■ THE TASK
Set down exactly the lines running from the one with "Fix 5: Remove" to the last line of the listing below, both included, and skip every picture.

[SUPPLIED DATA Boundary: Start]

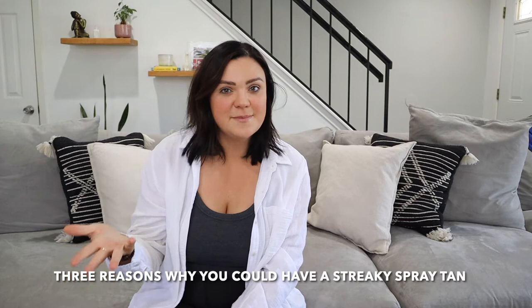Hi guys, my name is Jessica Rae and I am the founder of Sunless Rae. Welcome back to my YouTube channel where I share all of my favorite sunless tanning tips I learned over the years of being a professional spray tan artist. Today I'm going to tell you three reasons why you can have a streaky spray tan.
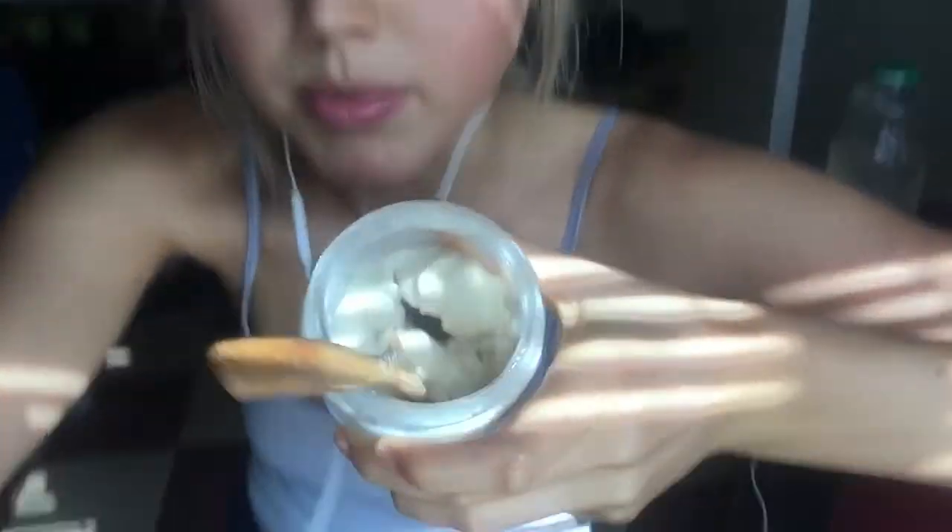Life hack: frozen bananas and vanilla soy milk is the equivalent to a vanilla frosty from Wendy's. I used to eat those like all the time — well, every time I went to Wendy's, which was a lot, unfortunately. But yeah, really just so good. And you know what I like to do?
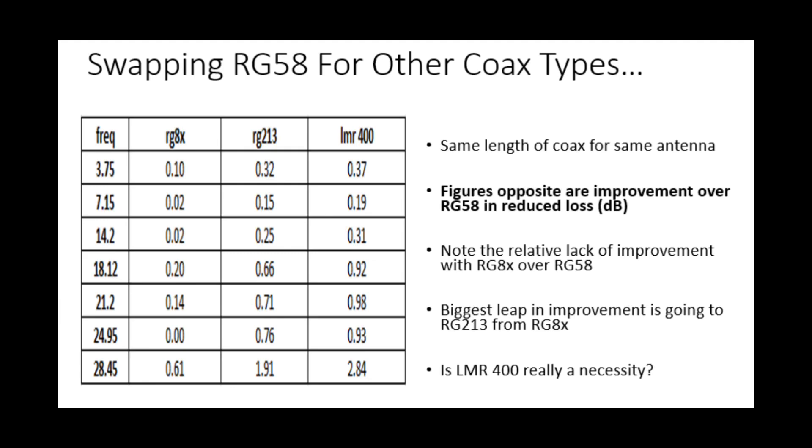So if we swap that RG58 for the same 30-foot run of other coax types, here's the improvement we see. Looking at RG8X — probably the next level of improvement from RG58 — the improvement per frequency is pretty negligible. The biggest improvement, unsurprisingly, is at 10 meters, but we're only talking just over half a dB. So RG8X doesn't seem to be the silver bullet that some people think it might be.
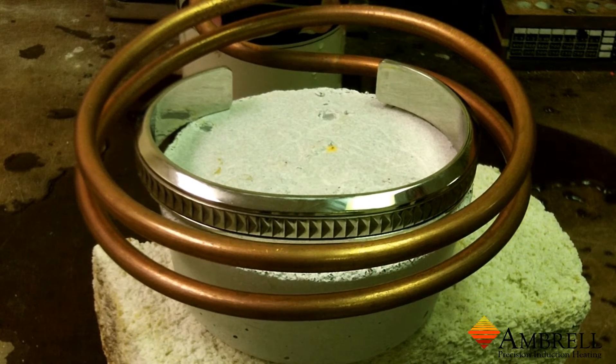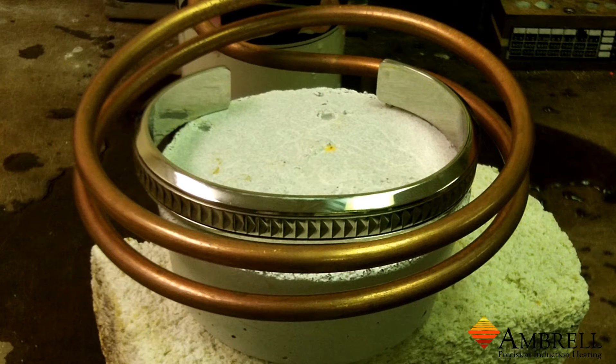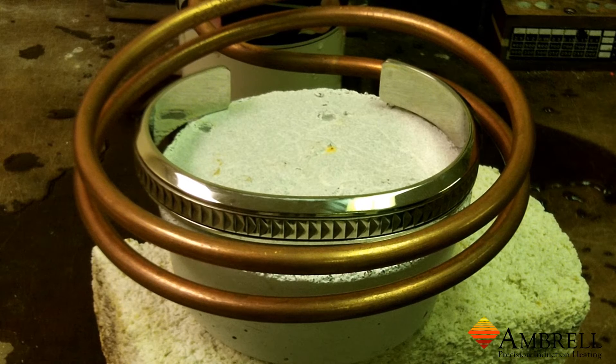The induction power is now on and it will take a few moments for the bracelet to heat to temperature. As heating progresses you'll notice some discoloration occurring on the sides of the bracelet.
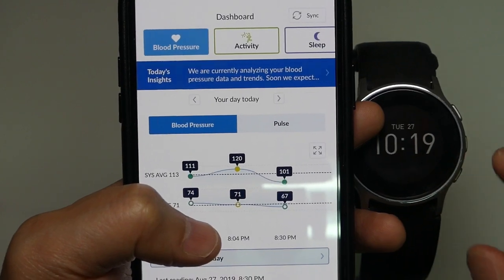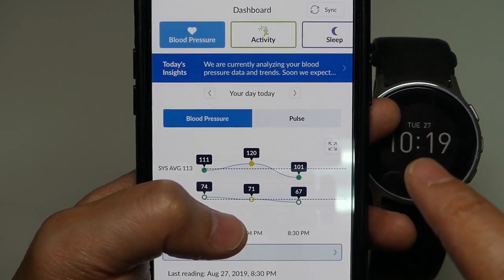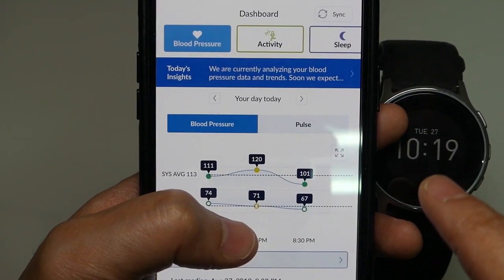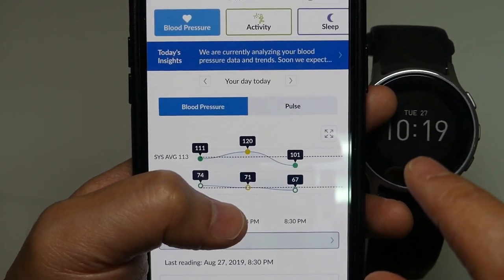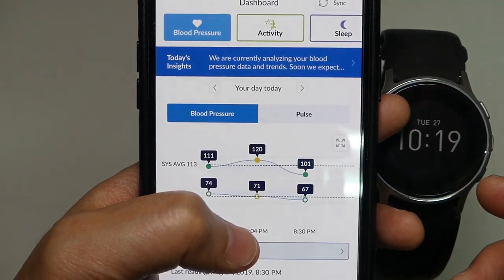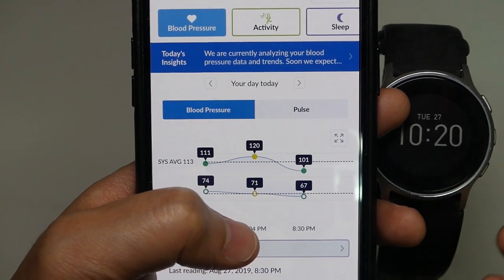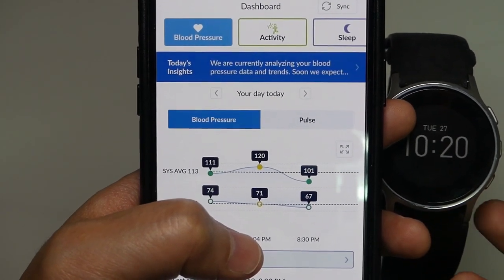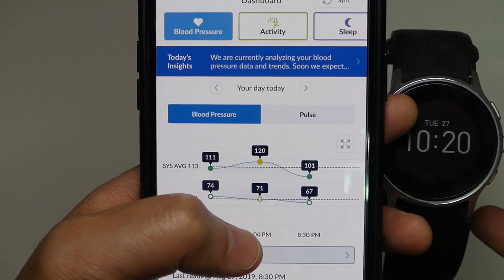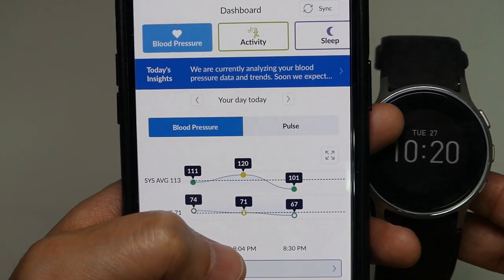For example, this smartwatch allows me to monitor my blood pressure anytime, anywhere. Actually, this is the main purpose of this watch. I usually take my blood pressure after a meal, before sleep, or after waking up, or while I'm taking the MRT or subway, or taking a taxi — anytime, anywhere, absolutely. So this is very convenient for me.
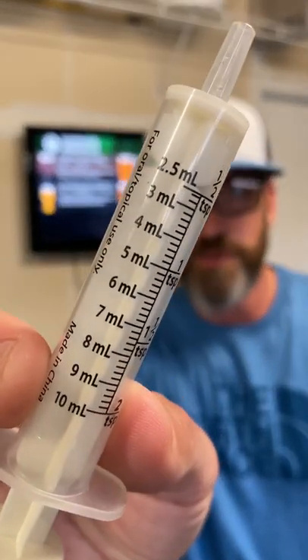So you want to have a beer with the creamy mouthfeel of a nitrous pour, but you don't have the setup to do it? Here's a little hack. All you're going to need is one of these — a medicine syringe.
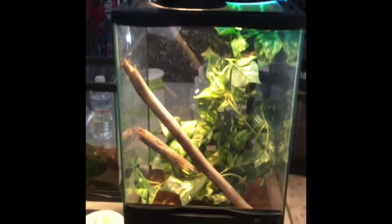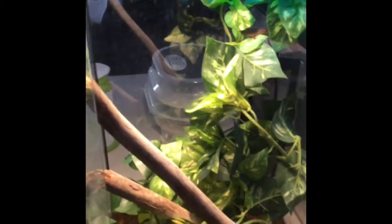First, tank size. Anoles should not have normal flat tanks — they should have tall tanks. You can see if I zoom out it's a tall tank instead of a short long tank. They need big tanks: about a 20 gallon for two anoles, or a 10 gallon for one anole. Anoles are arboreal, which means they are always in the trees, so you need a tall tank.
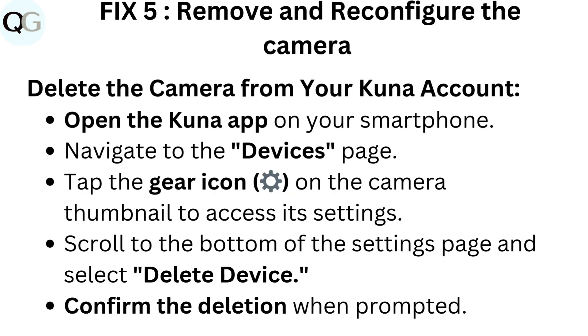Fix 5: Remove and reconfigure the camera. Delete the camera from your Kuna account by opening the Kuna app on your smartphone. Navigate to the Devices page. Tap the gear icon on the camera thumbnail to access its settings. Scroll to the bottom of the settings page and select Delete Device. Confirm the deletion when prompted.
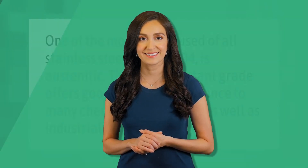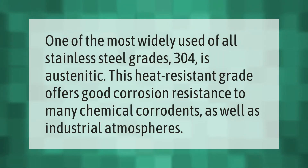One of the most widely used of all stainless steel grades, 304 is austenitic. This heat-resistant grade offers good corrosion resistance to many chemical corrodents as well as industrial atmospheres.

[SUPPLIED DATA Boundary: End]

■ RESPONSE AREA
Fix 5: Remove and reconfigure the camera. Delete the camera from your Kuna account by opening the Kuna app on your smartphone. Navigate to the Devices page. Tap the gear icon on the camera thumbnail to access its settings. Scroll to the bottom of the settings page and select Delete Device. Confirm the deletion when prompted.
One of the most widely used of all stainless steel grades, 304 is austenitic. This heat-resistant grade offers good corrosion resistance to many chemical corrodents as well as industrial atmospheres.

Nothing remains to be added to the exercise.